Exhibition

From the Vault: Recent Acquisitions to the Permanent Collection

1 September – 1 October, 2017

Dana Claxton, Daddy's Gotta New Ride, from The Mustang Suite, 2008.

Mary Pratt, Light Takes the Tree, 2015.

The Gallery is very pleased to announce two significant contributions to the permanent collection that were received in 2016. Because we have very limited resources for the purchase of artworks, the Gallery relies on donations, of both acquisitions funds and artworks, to expand the collection, an activity that greatly enhances our ability to foster an appreciation and understanding of the visual arts within the Dalhousie University community, and to be a resource for our local and regional communities.
 
DANA CLAXTON: THE MUSTANG SUITE
This iconic series of five large scale photographs by Dana Claxton, a Vancouver-based artist of Hunkpapa Lakota Sioux ancestry, spans considerations of popular western culture and assimilation, and Indigenous identity and representation.

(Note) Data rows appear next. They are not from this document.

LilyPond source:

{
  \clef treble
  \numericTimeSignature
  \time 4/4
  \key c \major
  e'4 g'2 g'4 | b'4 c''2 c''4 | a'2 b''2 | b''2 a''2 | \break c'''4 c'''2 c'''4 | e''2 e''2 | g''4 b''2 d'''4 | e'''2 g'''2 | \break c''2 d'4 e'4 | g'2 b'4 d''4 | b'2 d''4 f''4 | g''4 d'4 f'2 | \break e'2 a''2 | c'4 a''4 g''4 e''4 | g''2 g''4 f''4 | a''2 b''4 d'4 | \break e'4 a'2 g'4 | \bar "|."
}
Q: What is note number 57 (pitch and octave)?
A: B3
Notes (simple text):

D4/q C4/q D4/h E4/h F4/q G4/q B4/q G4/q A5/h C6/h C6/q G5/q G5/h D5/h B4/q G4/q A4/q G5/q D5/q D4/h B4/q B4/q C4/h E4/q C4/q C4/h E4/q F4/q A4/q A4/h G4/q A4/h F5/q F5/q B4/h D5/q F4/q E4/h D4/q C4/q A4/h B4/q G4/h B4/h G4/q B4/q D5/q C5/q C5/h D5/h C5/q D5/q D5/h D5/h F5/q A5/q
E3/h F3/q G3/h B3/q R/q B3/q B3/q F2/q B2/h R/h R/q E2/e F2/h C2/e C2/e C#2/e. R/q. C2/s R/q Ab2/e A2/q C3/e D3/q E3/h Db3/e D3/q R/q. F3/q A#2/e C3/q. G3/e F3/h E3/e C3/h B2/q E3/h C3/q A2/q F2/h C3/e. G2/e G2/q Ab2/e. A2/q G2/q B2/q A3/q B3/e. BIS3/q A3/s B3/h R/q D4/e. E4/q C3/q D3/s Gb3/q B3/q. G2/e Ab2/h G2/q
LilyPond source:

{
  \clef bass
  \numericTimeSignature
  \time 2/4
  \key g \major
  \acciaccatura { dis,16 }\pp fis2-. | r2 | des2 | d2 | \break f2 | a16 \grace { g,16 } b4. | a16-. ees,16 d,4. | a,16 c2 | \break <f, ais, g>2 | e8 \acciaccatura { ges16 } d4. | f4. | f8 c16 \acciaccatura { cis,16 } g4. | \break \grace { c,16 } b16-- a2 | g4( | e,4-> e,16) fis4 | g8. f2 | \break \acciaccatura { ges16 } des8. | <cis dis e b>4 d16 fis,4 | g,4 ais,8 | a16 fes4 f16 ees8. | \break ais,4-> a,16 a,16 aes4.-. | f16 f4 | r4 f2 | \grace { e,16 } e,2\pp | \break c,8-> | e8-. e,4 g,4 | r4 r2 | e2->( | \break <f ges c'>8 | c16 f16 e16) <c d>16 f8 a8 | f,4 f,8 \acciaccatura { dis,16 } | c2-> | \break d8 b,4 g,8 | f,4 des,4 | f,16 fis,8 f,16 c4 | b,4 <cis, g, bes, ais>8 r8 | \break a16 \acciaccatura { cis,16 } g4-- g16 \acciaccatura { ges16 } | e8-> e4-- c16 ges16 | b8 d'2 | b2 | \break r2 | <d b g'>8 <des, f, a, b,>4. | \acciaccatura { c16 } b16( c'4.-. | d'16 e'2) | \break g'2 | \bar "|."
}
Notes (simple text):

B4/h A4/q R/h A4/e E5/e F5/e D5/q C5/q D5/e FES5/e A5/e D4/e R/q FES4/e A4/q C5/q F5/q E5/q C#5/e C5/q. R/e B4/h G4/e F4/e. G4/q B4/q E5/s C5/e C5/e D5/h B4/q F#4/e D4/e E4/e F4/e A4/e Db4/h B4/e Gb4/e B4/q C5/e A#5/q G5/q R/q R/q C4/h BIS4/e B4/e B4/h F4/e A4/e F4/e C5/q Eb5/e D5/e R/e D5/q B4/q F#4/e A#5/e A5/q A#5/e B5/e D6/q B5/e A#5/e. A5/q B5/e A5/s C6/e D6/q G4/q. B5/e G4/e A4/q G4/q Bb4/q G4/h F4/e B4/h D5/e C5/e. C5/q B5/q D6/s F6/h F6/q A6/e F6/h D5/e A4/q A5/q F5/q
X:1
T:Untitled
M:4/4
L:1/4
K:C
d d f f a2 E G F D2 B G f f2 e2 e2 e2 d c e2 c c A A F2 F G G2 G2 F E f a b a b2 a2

The suite presents staged portraits of members of a contemporary Indigenous family posing with various refigured mustangs: a muscle car, a banana-seat bicycle, a pony, and a white woman with horse blinders and mouth bit. Exhibited at the Dalhousie Art Gallery in 2011 as part of the National Gallery of Canada’s touring exhibition “Steeling the Gaze: Portraits by Aboriginal Artists”, The Mustang Suite is distinguished for its incisive and provocative humour, impeccable technical production, and its many layers of social commentary and critique.
 
The acquisition was made possible through the generosity of the artist, financial contributions from Alumni members of Dalhousie University’s Schulich School of Law, and support of the Canada Council for the Arts Acquisitions Grants program. Assistance with the transportation from Vancouver of the framed photographs was provided by TOTAL Museum and Fine Arts Services, Toronto.

THE PORTER COLLECTION

With a specific mandate to collect artworks by local and regional artists, and an emphasis on collecting works on paper, the Dalhousie Art Gallery permanent collection includes a number of mid and later twentieth century paintings and drawings of Maritime subject matter. Because many of these have been acquired through donation, not only do they reflect the Gallery’s collecting interests, they also represent and reflect the various collecting interests of the donors. 
 
The most recent donation to the Gallery is a selection of thirteen works from the private collection of Brian and Megan Porter and Family. Through their shared passion for art and a love for Atlantic Canada, the Porters have built a collection of early twentieth century paintings of New Brunswick and Nova Scotia maritime scenes, and works by several contemporary Atlantic Canadian artists.
 
Their donation makes a significant contribution to strengthening our collection, both by introducing the work of Molly Lamb and Mary Pratt—artists who were not as yet represented in the collection—and in complementing works by artists who are touchstones in the collection and in the Gallery’s collecting history, including AY Jackson, Robert Pilot, and Christopher Pratt.